3) Management and Kickbacks. Sections 718.111(1)(a) and 719.104(8)(a) prohibit condominium and cooperative association officers, directors and managers from accepting any service or thing of any value from persons providing goods or services to association, except services and items provided in connection with trade fairs and educational programs. This provision is intended to ensure that association decision making is free of improper influences. [The 1992 amendments deleted the $100.00 value threshold, and the short lived requirement that licensed managers owed a fiduciary duty to unit owners.]

4) Director Voting. Sections 718.111(1)(b) and 719.104(8)(b) prohibit secret votes at board meetings and require any director's abstention to be recorded in the minutes. Secret voting by directors when electing officers is one exception to this prohibition.

The importance of accurate minutes is now emphasized. Directors who do not abstain or who do not vote against a measure are considered as voting for an item. The law provides directors guidance as to how votes should be reflected if a conflict of interest exists.

5) Property Rights. Section 718.111(7) expands condominium association powers to convey, lease and mortgage association real property, as provided in a declaration of condominium, or if the declaration of condominium is silent, then with seventy-five percent of the association's votes. This will increase a condominium association's range of options when the sale or purchase of property is necessary for meeting owners' needs.

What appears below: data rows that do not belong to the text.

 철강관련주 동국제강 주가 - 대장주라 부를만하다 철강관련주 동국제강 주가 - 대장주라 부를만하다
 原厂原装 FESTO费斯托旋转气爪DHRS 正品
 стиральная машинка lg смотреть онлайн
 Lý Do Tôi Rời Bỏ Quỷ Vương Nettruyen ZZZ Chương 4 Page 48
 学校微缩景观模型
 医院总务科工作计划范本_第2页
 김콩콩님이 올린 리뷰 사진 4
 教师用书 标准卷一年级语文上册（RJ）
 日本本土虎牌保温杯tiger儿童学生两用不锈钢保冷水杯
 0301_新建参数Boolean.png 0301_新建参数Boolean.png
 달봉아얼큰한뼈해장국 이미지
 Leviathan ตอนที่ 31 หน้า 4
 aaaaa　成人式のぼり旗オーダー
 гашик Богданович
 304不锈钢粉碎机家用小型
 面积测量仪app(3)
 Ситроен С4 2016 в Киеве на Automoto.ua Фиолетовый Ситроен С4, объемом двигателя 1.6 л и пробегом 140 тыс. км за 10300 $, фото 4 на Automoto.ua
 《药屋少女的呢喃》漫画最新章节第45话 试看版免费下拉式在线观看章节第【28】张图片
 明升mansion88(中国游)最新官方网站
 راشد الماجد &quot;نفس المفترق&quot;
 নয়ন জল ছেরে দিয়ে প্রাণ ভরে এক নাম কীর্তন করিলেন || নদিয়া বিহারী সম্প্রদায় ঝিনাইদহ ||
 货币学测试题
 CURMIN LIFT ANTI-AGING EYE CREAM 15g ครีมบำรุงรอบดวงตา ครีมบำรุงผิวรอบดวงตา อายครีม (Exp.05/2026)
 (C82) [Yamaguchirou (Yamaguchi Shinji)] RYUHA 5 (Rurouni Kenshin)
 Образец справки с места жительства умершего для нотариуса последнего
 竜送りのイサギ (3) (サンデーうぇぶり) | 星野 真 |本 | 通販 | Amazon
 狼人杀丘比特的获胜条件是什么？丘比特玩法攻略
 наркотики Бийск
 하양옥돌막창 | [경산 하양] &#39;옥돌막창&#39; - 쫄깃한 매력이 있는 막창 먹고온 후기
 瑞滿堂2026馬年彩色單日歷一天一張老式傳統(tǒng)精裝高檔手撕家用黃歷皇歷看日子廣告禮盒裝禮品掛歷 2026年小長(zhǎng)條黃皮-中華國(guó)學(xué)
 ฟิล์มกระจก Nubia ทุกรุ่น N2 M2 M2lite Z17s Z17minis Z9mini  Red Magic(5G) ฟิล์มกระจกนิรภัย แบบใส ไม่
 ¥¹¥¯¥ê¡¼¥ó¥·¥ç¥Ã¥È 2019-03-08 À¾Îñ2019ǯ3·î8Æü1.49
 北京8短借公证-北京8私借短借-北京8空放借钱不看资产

6) Insurance. Section 718.111(11)(b) provides that unless an condominium association is required to maintain the items, or unless the declaration of condominium provision recorded before October 1996 requires otherwise, condominium association insurance policies entered into after July 1, 1992 shall not cover damage to the following property if located within a unit: electrical fixtures, appliances, air conditioning and heating equipment, water heaters, and built-in cabinets. This provision may result in lower insurance costs or may slow the rate of increase in association insurance costs; however, individual owners should make certain that their policies cover these items. As a result of this law, owners' policy premiums may increase.

Section 719.104(3) provides that cooperative associations may obtain directors and officers liability and flood insurance policies.

7) Records. Sections 718.111(12) and 719.104(2) require that all condominium and cooperative association records "related to the operation of the association" are deemed official association records open to inspection and review by owners. Records are to be located in the state of Florida, not necessarily in the county of the property. Records must be provided to owners and prospective purchasers making a written request for records within five working days.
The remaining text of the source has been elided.